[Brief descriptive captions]
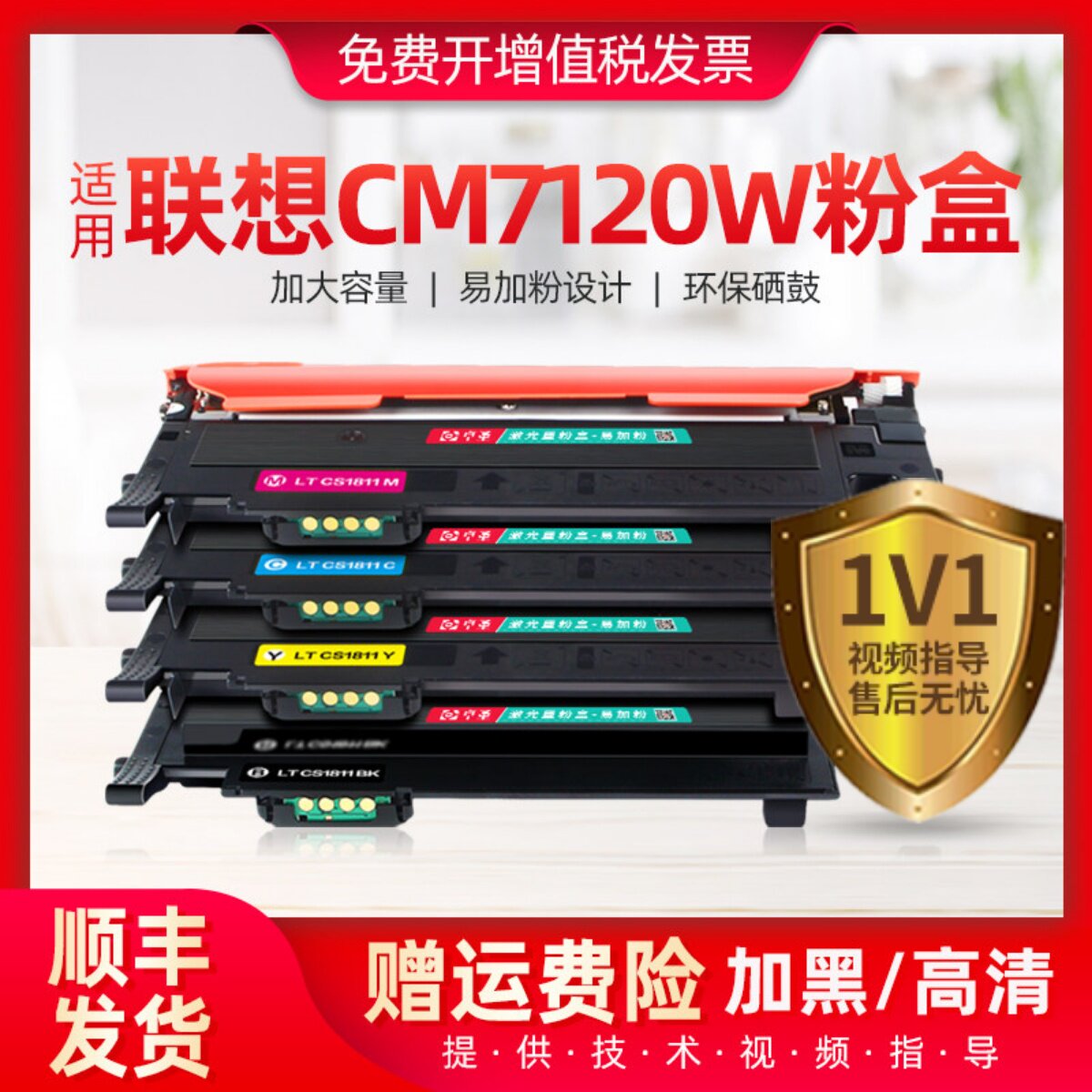 适用联想cm7120w粉盒cm7110w彩色打印机硒鼓易加粉墨盒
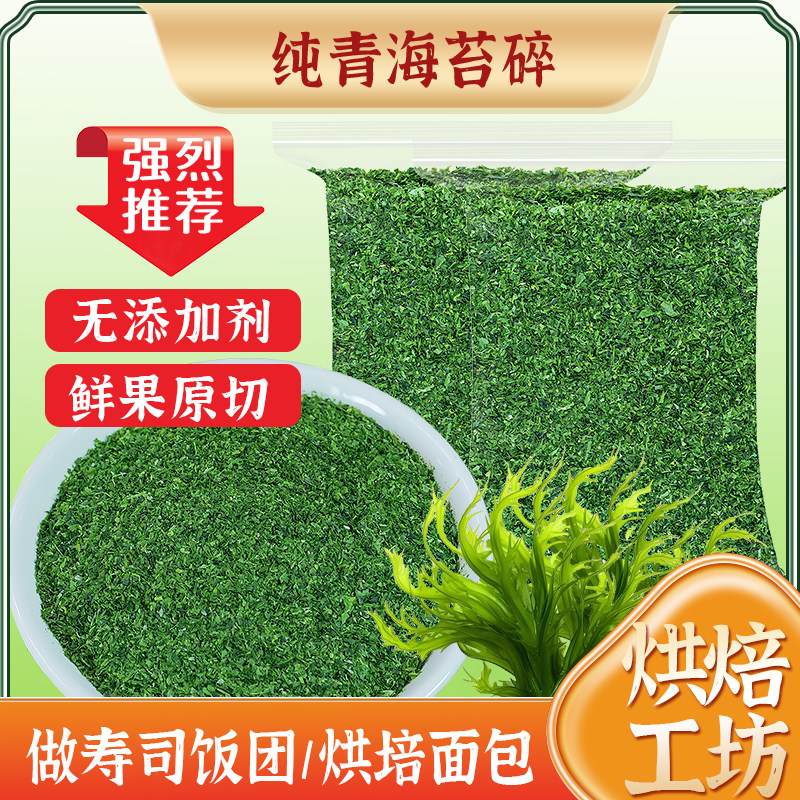 纯青海苔碎寿司拌饭饭团日料章鱼小丸子烘焙商用食材无添加剂海苔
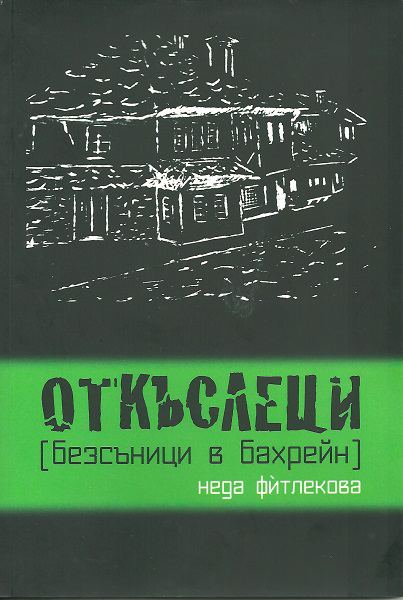 Корица на „Откъслеци“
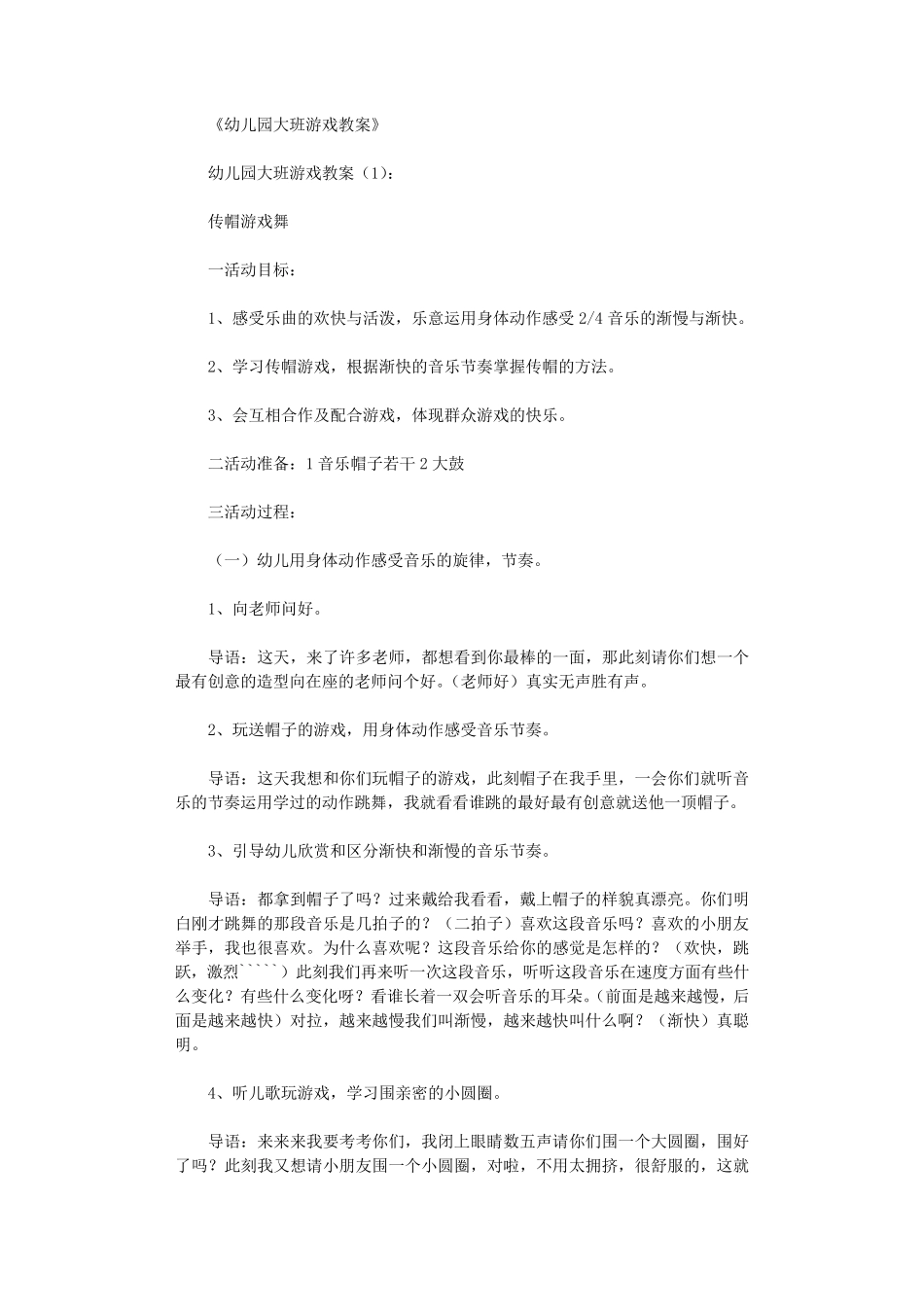 幼儿园大班游戏教案(60篇)_第1页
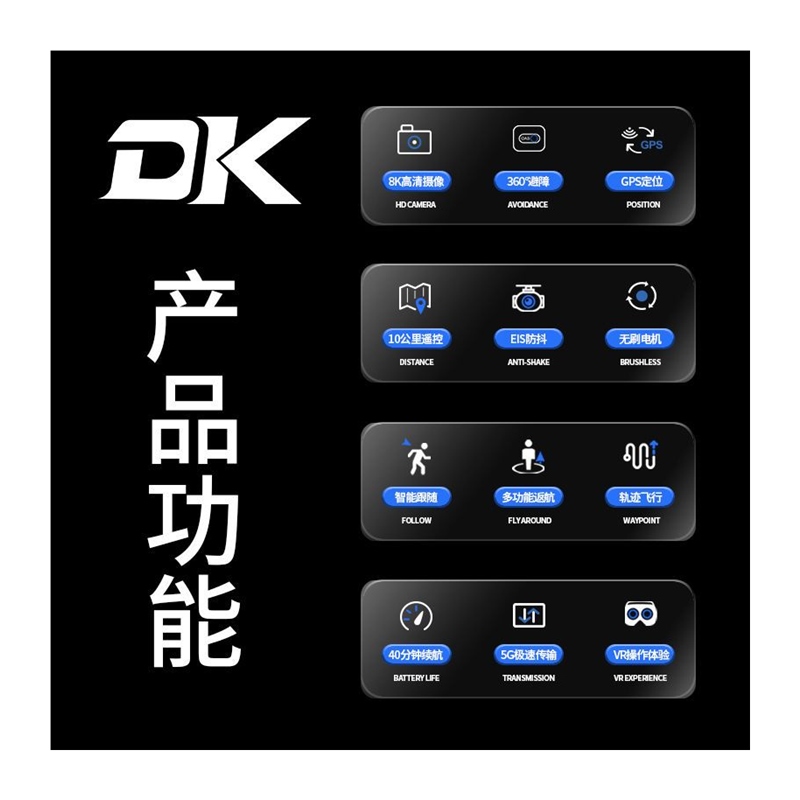 新款无人机DK2-PRO三轴云台无刷电机10000图传专业8K超高清航拍机 - 图3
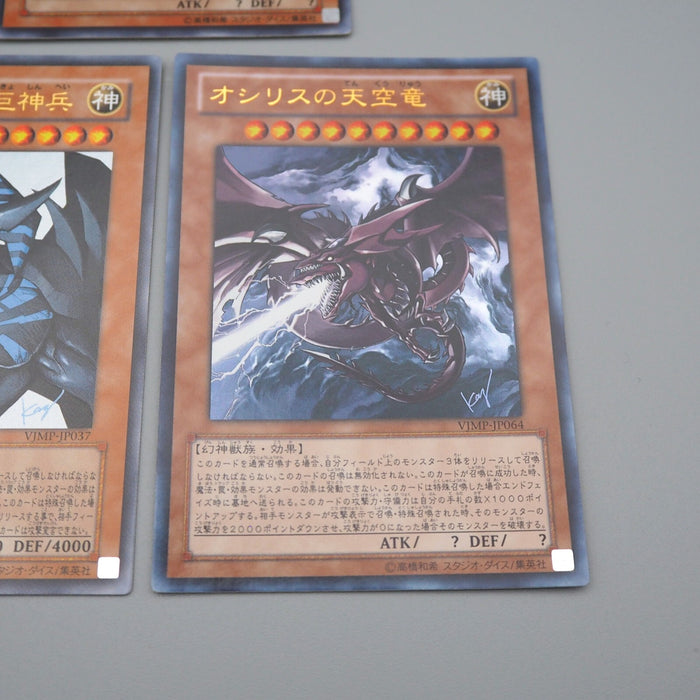 YuGiOh Obelisk Slifer Ra VJMP-JP046 JP037 JP064 Ultra Promo NM-EX Japanese n289 | Merry Japanese TCG Shop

*What the task asks:* Retype every entry above exactly and, please, skip the pictures.

*The answer:*
 适用联想cm7120w粉盒cm7110w彩色打印机硒鼓易加粉墨盒
 纯青海苔碎寿司拌饭饭团日料章鱼小丸子烘焙商用食材无添加剂海苔
 Корица на „Откъслеци“
 幼儿园大班游戏教案(60篇)_第1页
 新款无人机DK2-PRO三轴云台无刷电机10000图传专业8K超高清航拍机 - 图3
 YuGiOh Obelisk Slifer Ra VJMP-JP046 JP037 JP064 Ultra Promo NM-EX Japanese n289 | Merry Japanese TCG Shop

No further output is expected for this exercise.